Beaton crosses the line
May 16, 2018
Differing political opinions are the hallmark of our country that we should celebrate. But, there is a marked difference between views disseminated with facts and rhetoric fueling ideologues. A good writer learns from critique as opposed to fighting with invisible demons among the paper's readers. Glenn Beaton should be grateful when a person takes the time to read his bilious babble. Thin-skinned regular contributors that lack humility do nothing for the community. Honestly, the nation – and the world – gets its fill of bloated nonsense from the POTUS's midnight Tweets. But, the burden of printing fallacy falls on the Editors' shoulders for publishing works from writers who frame solutions within the context of bigoted values contrary to the nature of the U.S. Constitution.

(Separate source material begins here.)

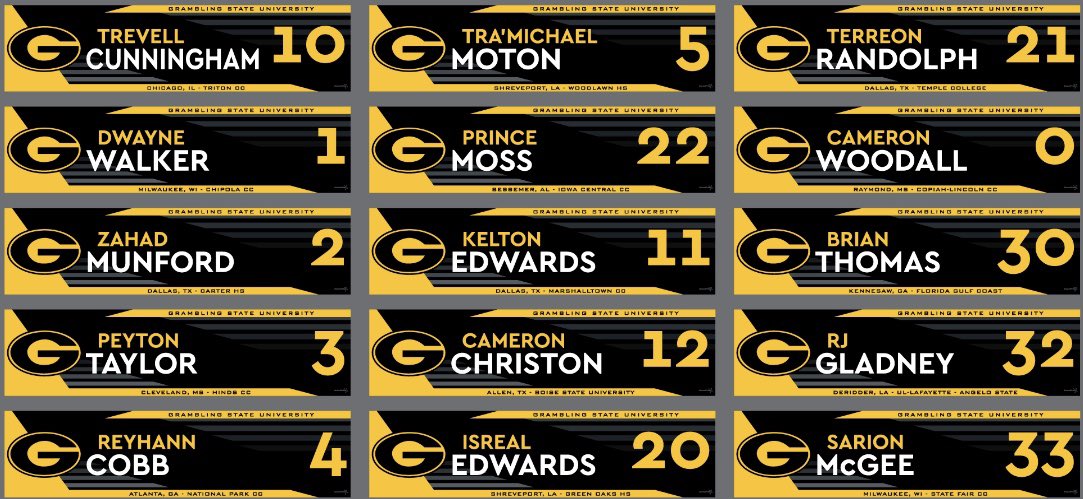 gsutigers_mbb's tweet photo. GramFam...GramFam...GramFam...
The moment you all been waiting for....Here is your 2020-2021 roster with the numbers of your G Men...Get your popcorn 🍿🍿🍿🍿...#EverydayMatters #TheGrind #GramFam #PackTheHAC @GSU_TIGERS https://t.co/bR5qkKLY6s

Involuntary homelessness and voluntary choices for exercising one's liberties are not synonymous and woefully homogenized in Beaton's red herring writ. By printing a piece that skews the issues politically, the Editors of The Aspen Times are accomplices in promoting a "one size fits all" hate-based bias that targets demographics of people arbitrarily. Even in pristine Aspen, voluntary vagrancy is not a crime. Further, panhandling is a form of protest and protected by the first amendment. Vagrancy and panhandling may offend a community's values, but they are not repugnant to our state and U.S constitutions. Involuntary homelessness based on deprivation is a separate matter that requires a non-partisan humanist approach with empathy without the political spin solicited in Beaton's op-ed. Most of us expect the Aspen Times to hold its op-ed writers to a higher standard.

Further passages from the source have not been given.